Many Blair students had similar experiences during the first week of school as they were told, one by one, that because they had a brown ID and weren't in the Communication and Arts Program, or because they had a red ID and weren't a freshman, their ID was invalid.

The new ID policy has left many Blazers questioning exactly why the administration has pigeonholed them into distinct categories by branding them with a specific colored-coded ID.

Instead of celebrating Blair's diversity, the new ID policy instead reinforces segregation. Self-segregation is already an issue in the student body, and the formal distribution of color-coded IDs has essentially institutionalized the phenomenon.

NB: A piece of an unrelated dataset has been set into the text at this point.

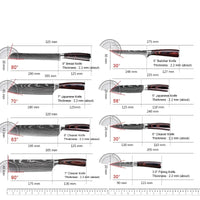 Professional Damascus Steel Kitchen Knife Set - Laser-Etched Chef's Collection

While the administration's efforts to improve Blair's learning environment through smaller learning communities are commendable, they are counterproductive - instead of building community, they deepen rifts. The ID system has left the student body visibly segregated, alienating students from one another instead of building a welcoming, cohesive environment.

According to Vice Principal Linda Wanner, teachers can now say, "This is my small little group" and inevitably make students feel "part of a group." The problem is that this "small little group" cannot stay together for all seven or eight classes in a day. If students are encouraged only to identify with other students wearing matching IDs, then Blair's melting pot will segregate into isolated subgroups.

Besides establishing a policy of de facto segregation, the new IDs have unleashed more divisive issues. Students are already being punished for failing to conform to new color-coding protocol. "My daughter was already confronted by Ms. Hurley for wearing a lanyard for a program she is not in," one parent wrote on the PTSA list-serv.

Because two of the programs in Blair are highly selective, students in these programs were already differentiated from the rest of the population. The new IDs have only reinforced the isolation. "We adults have to help by not giving the impression that one academy is any more intrinsically worthwhile than any other," another Blair parent wrote on the list-serv.

By departmentalizing into academies, the new color-coded IDs essentially undermine the multiple talents and interests of a diverse student body. Single-choice academy selection, and the accompanying color classification, leaves little room for the rocket scientist who loves poetry or the journalist who is also a calculus whiz. If students are reprimanded for wearing wrong-colored IDs, then Blair is failing to nurture students into becoming well-rounded, open-minded people.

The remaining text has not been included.